Lastly, the chi-squared test revealed that the variables are statistically associated, p-value < 0. The most contributing cells can be shown below. The Performance attribute of the music videos were mostly associated with Sherlock and Everybody. While it is clear that Tell Me What To Do and Good Evening were commonly associated as fifth place.
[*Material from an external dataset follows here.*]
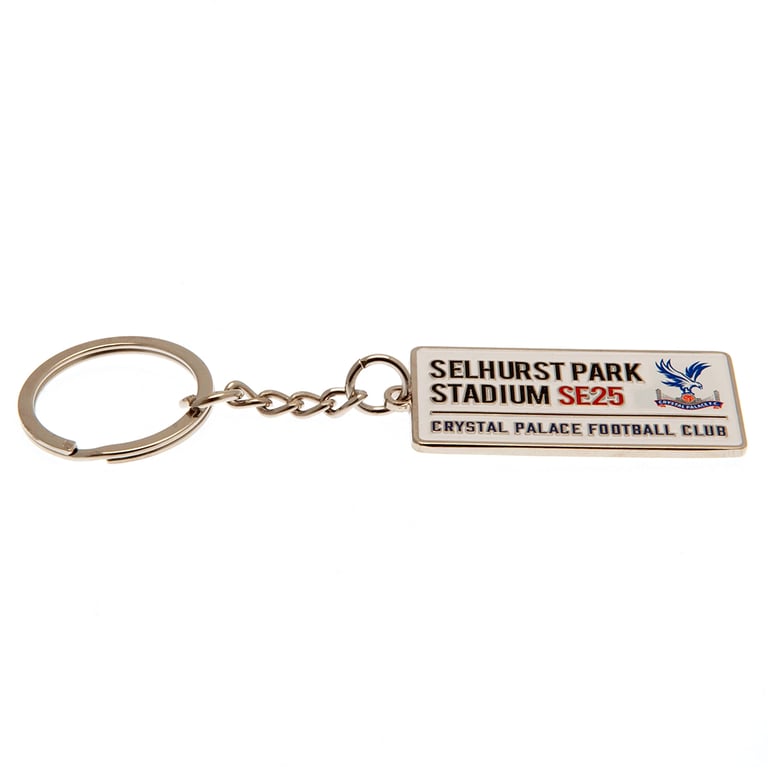 Crystal Palace FC Embossed Metal Keyring - Street Sign Design with Enamel Finish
chi_pref<-chisq.test(performancem)
chi_pref
## 
##  Pearson's Chi-squared test
## 
## data:  performancem
## X-squared = 53.6, df = 16, p-value = 6.026e-06
corrplot(chi_pref$residuals, col = c("black", "white"), bg = "lightblue", is.cor = FALSE, sig.level = .05)


Conclusion

In conclusion, the music video that does not appear to be frequently ranked as outstanding to have one of the three attributes was View. It was close to a even rank on Visual, ranked often as second and third for Theme/Story, and often ranked third for Performance. This may suggest that fans believe that View is well-balanced on Visual, Theme/Story and Performance with no attribute being distinctively impressive over the next. Whereas, Good Evening was mostly associated with both Visual and Theme/Story, and Sherlock was mostly associated with the Performance attribute.